After decades of paranoid hemming and hawing, last month the U.S. Bureau of Ocean Energy Management finally approved oil exploration in Federal waters along the Atlantic coast from Delaware to Florida.
‘The announcement is the first real step toward what could be a transformation in coastal states,” says the Associated Press report, “creating thousands of jobs to support a new energy infrastructure. But it dismayed environmentalists and people who owe their livelihoods to fisheries and tourism.”
Alas, this “dismay” afflicts only the greenies from Delaware to Florida. From New Jersey up through New England the greenie hysteria against offshore oil exploration prevailed.
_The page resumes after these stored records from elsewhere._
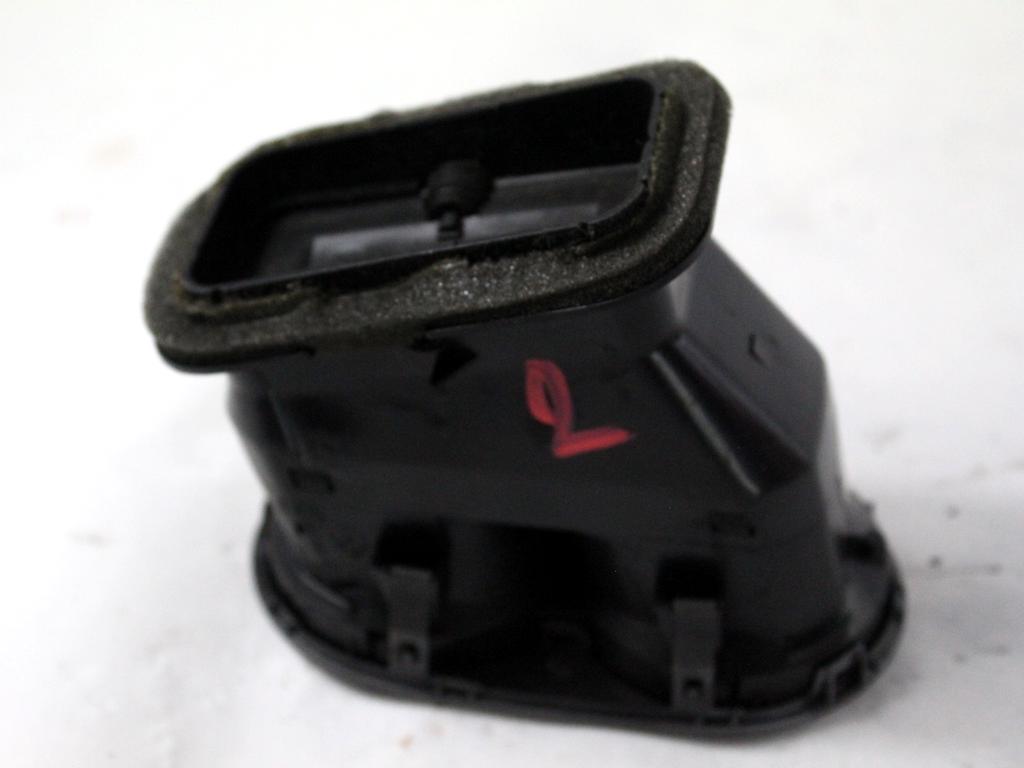 ODVOD ZRAKA OEM N. 5N0819704A ORIGINAL REZERVNI DEL VOLKSWAGEN TIGUAN 5N MK1 (2007 - 2011)DIESEL LETNIK 2009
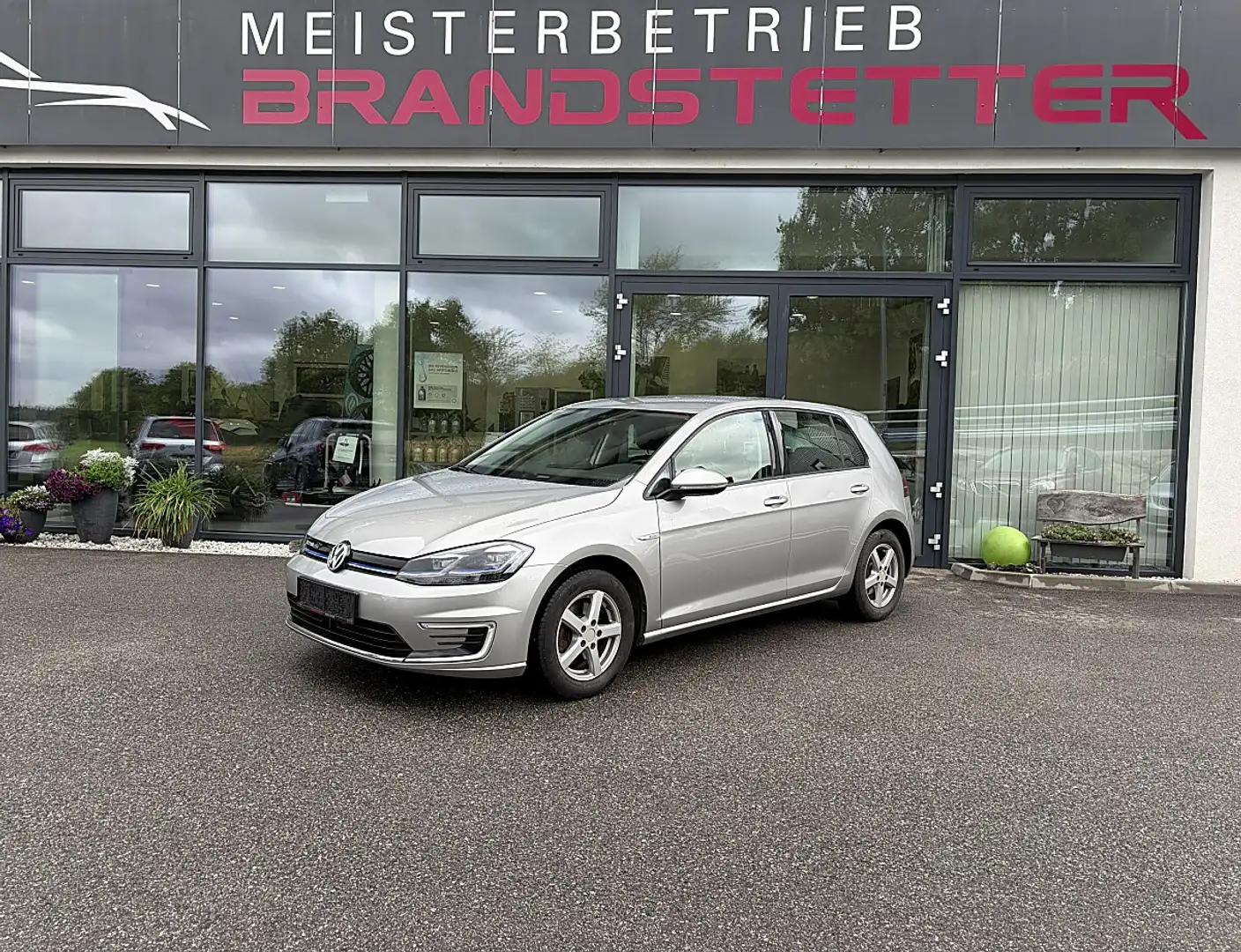 Volkswagen e-Golf 35,8kWh (mit Batterie) Silber - 1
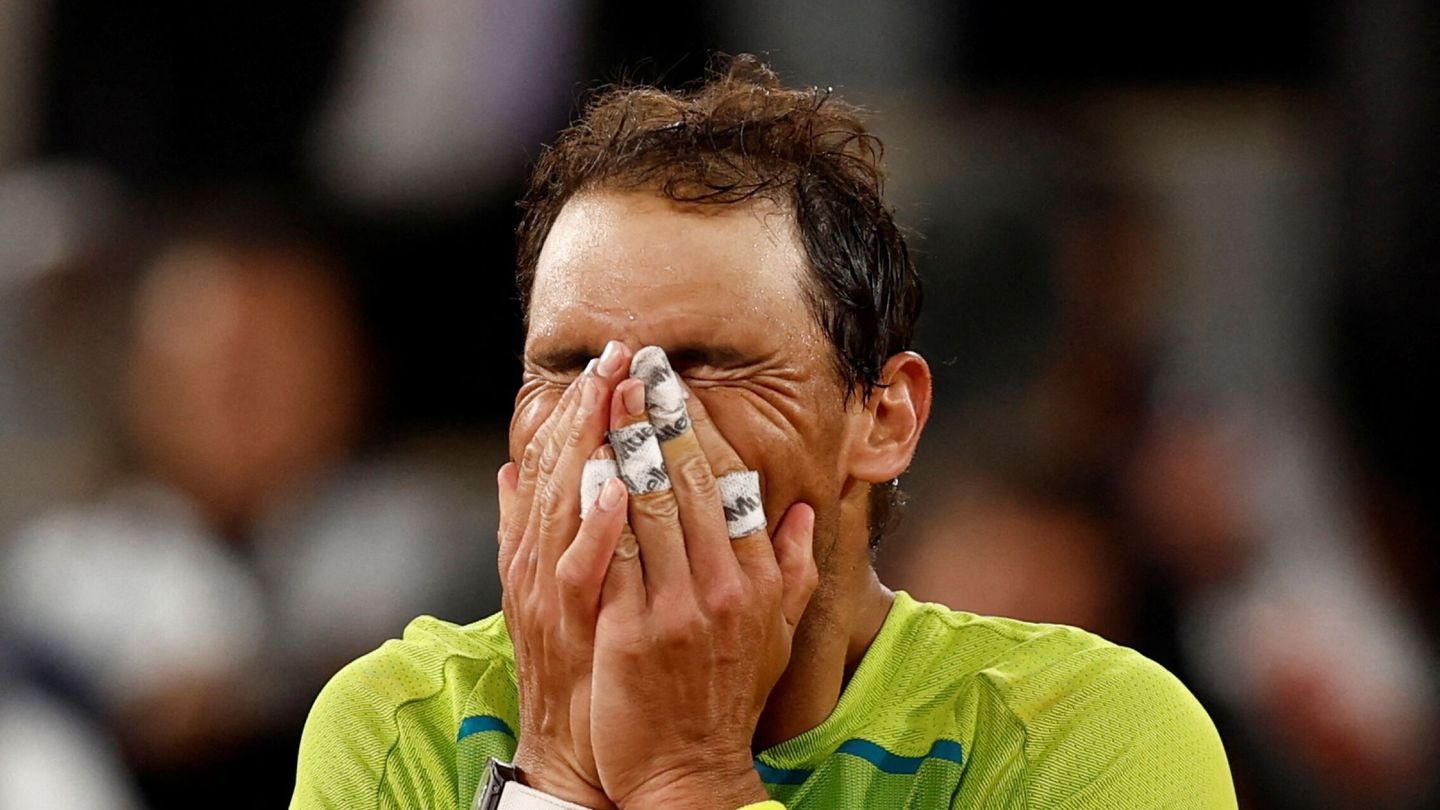 Rafa Nadal, tras vencer a Djokovic en cuartos de Roland Garros. (Reuters/Vincent West)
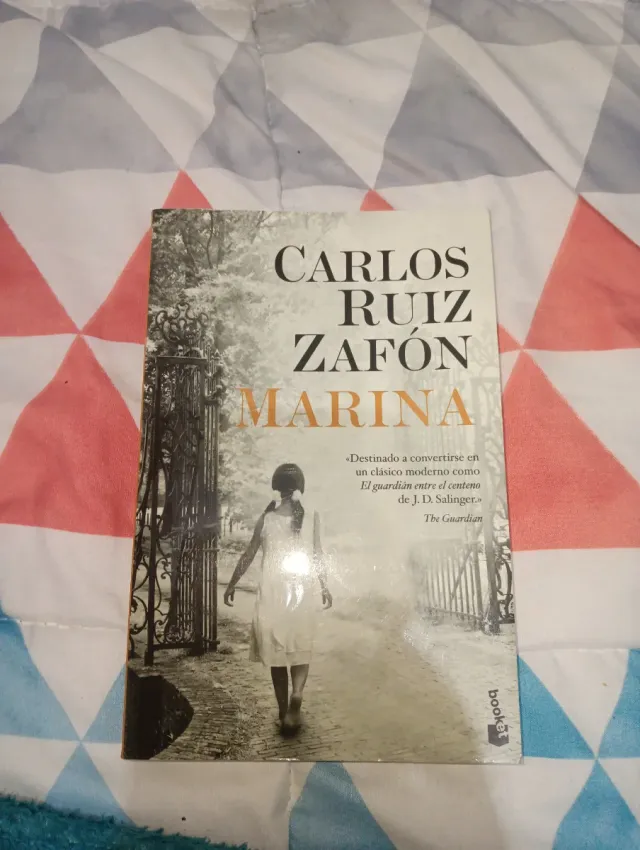 Marina (Spanish Edition)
This superstition among the local worshippers of Earth Goddess Gaia proved as intractable as the one that once mandated burning witches by New Englanders no less “enlightened.”
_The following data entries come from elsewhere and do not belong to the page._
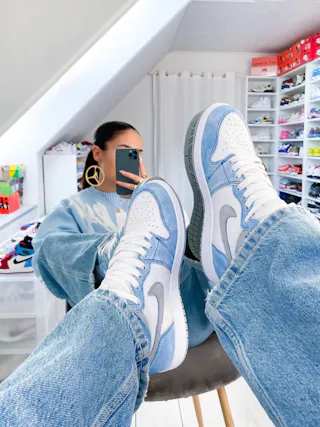 Air Jordan 1 Retro High OG 'Hyper Royal' 555088-402 Air Jordan 1 Retro High OG 'Hyper Royal' 555088-402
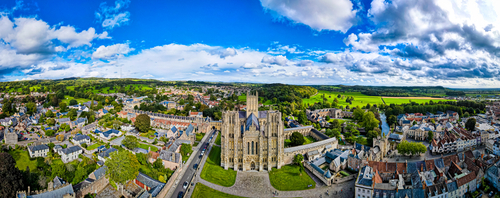 Wells, Somerset: The Hollywood Darling.
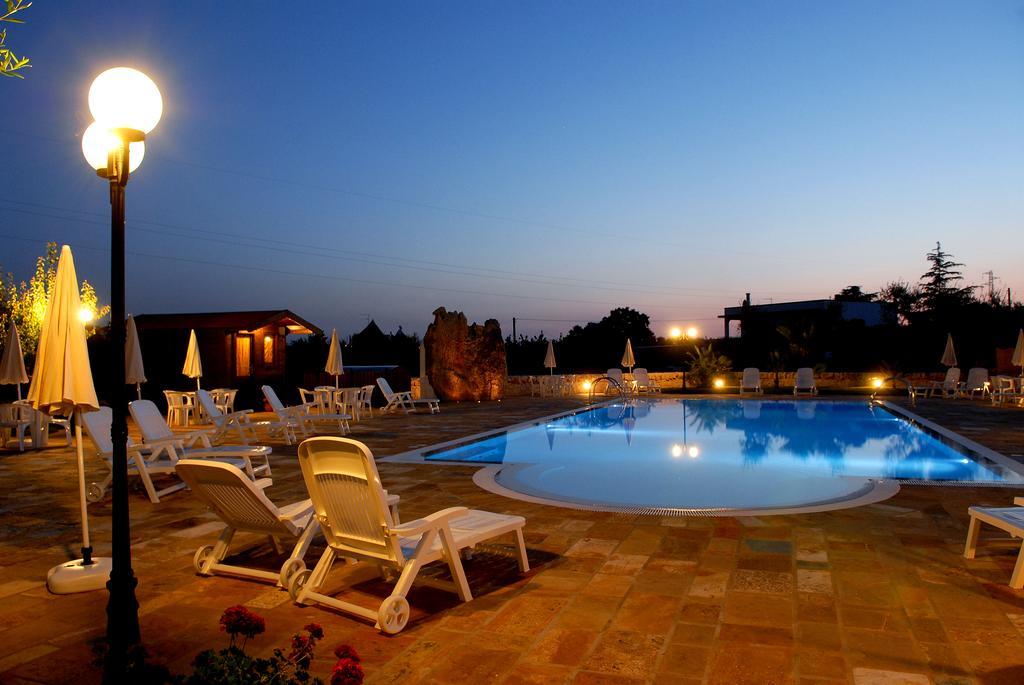 I Trulli Del Nonno Michele Guest House อัลเบโรเบลโล ภายนอก รูปภาพ
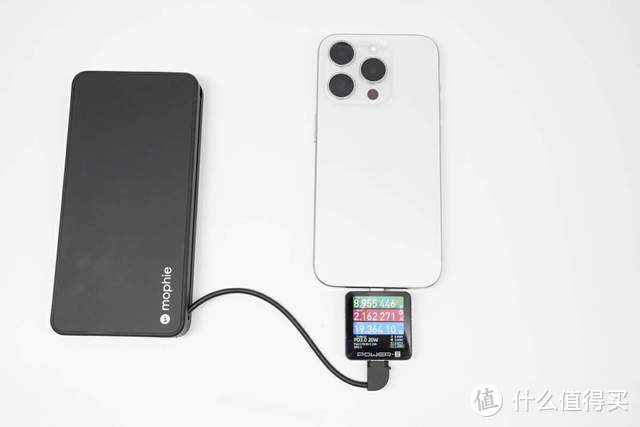 iPhone 15 Pro 尺寸设计，边充边放更自在，mophie powerstation plus 移动电源评测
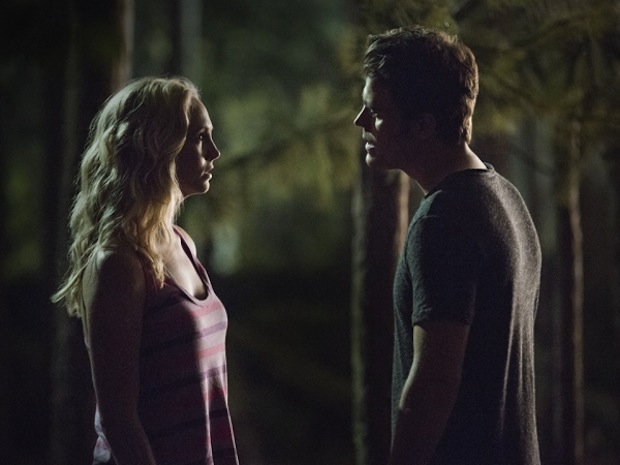 The Vampire Diaries: Stefan ameaça vida de Caroline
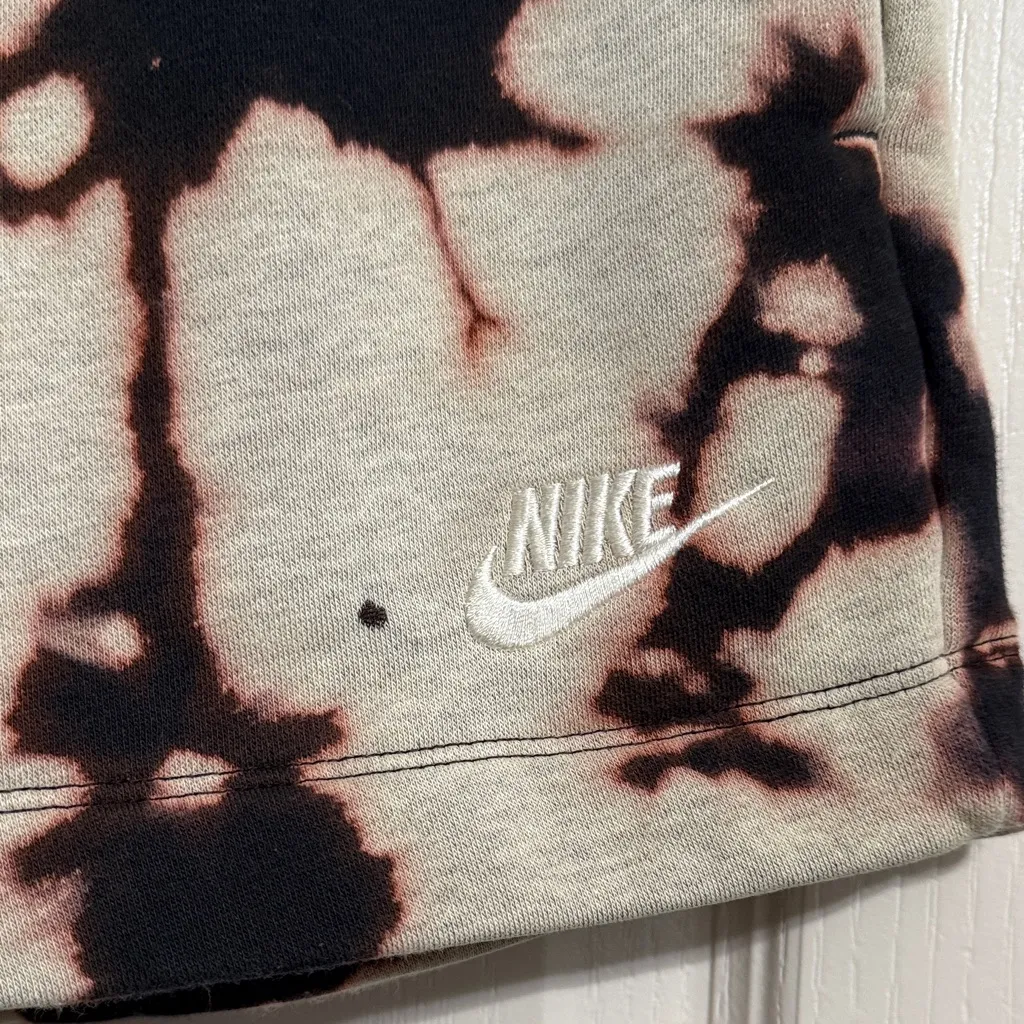 💖 Nike Black & Cream Abstract Pattern Bleach Dye Sweat Shorts - Image 3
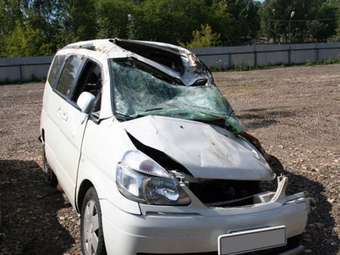 2002 Nissan Serena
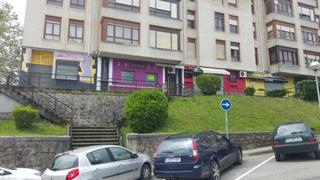 Lloguer Local Comercial a Avenida santander 8. En alquiler,local comercial en solares.consta de 70m2 y en la ac Lloguer Local Comercial a Avenida santander 8. En alquiler,local comercial en solares.consta de 70m2 y en la ac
“With today’s decision,” whined Claire Douglass, campaign director at the environmental group Oceana, “President Obama is bowing to pressure from Big Oil rather than listening to the thousands of voices calling on him to protect our natural resources and coastal economies.”
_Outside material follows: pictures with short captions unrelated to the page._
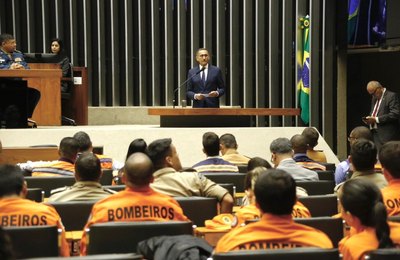  Profissionais que atuam na gestão de riscos e desastres recebem homenagem na Câmara dos Deputados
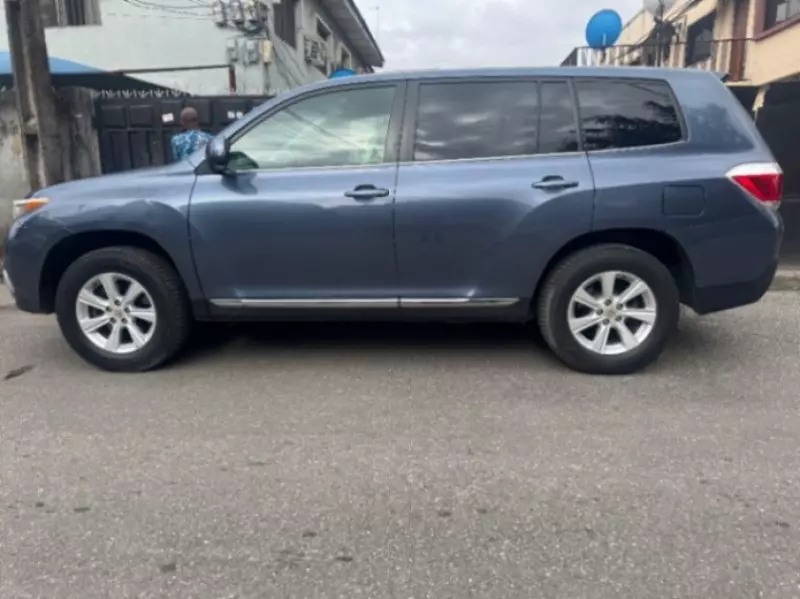 TOYOTA Highlander   - 2012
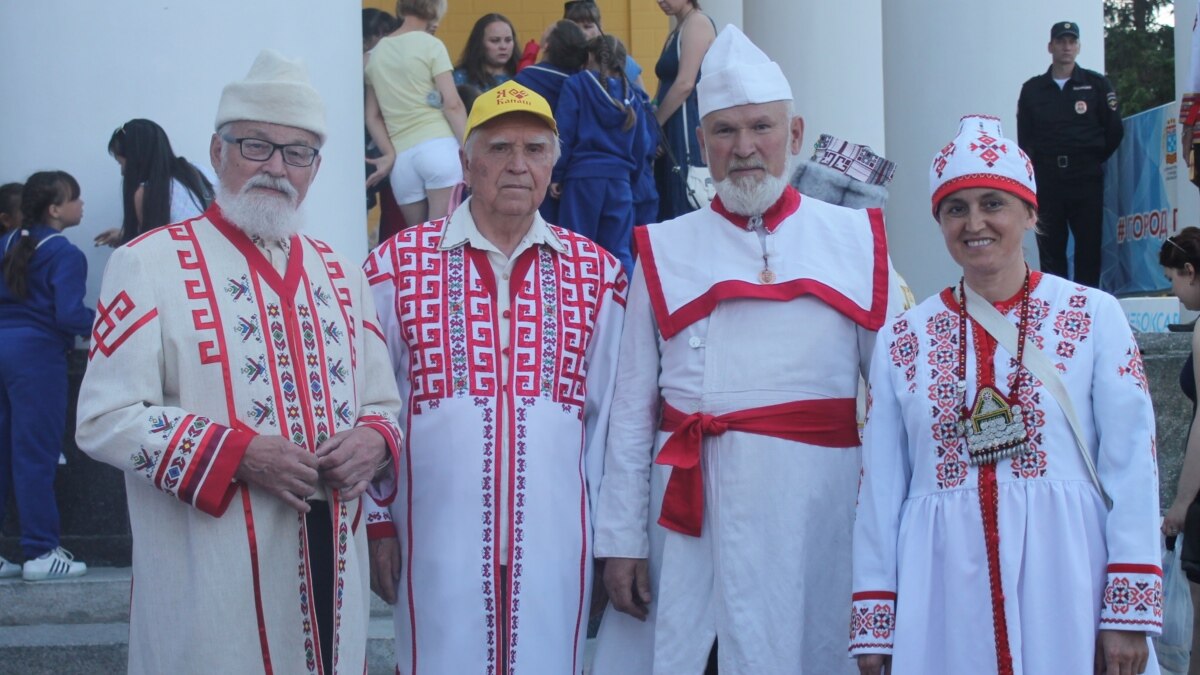 Нов чув. Нов чув. Чувашская вышивка. Сурхури молодежь. Учук чувашский праздник.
Well, allow me to present the call of “thousands of voices” and specifically from “people who owe their livelihoods to fisheries and tourism.” Their call, based on over half a century of experience with offshore oil production (including the ultimate test: the BP Oil Spill!) says: “Drill, Baby, Drill!”
With over 3000 of the 3,700 offshore oil and gas production platforms in the Gulf of Mexico off her coast, Louisiana provides almost a third of North America’s commercial fisheries. As a trivial sideline these oil production platforms also extract 80 percent of the oil and 72 percent of the natural gas produced in the Continental U.S. This “sideline” (as us fanatical fishermen see it) by itself would offset the hardships (in any rational calculation of national priorities) of the relatively few “people who owe their livelihoods to fisheries and tourism.”
But a study by LSU’s sea grant college found that majority of Louisiana’s offshore fishing trips (among the state’s top tourist attractions) target these structures. Recreational fishing and diving trips to these structures generate an estimated 5,560 full time jobs and $324 million annually for Louisiana.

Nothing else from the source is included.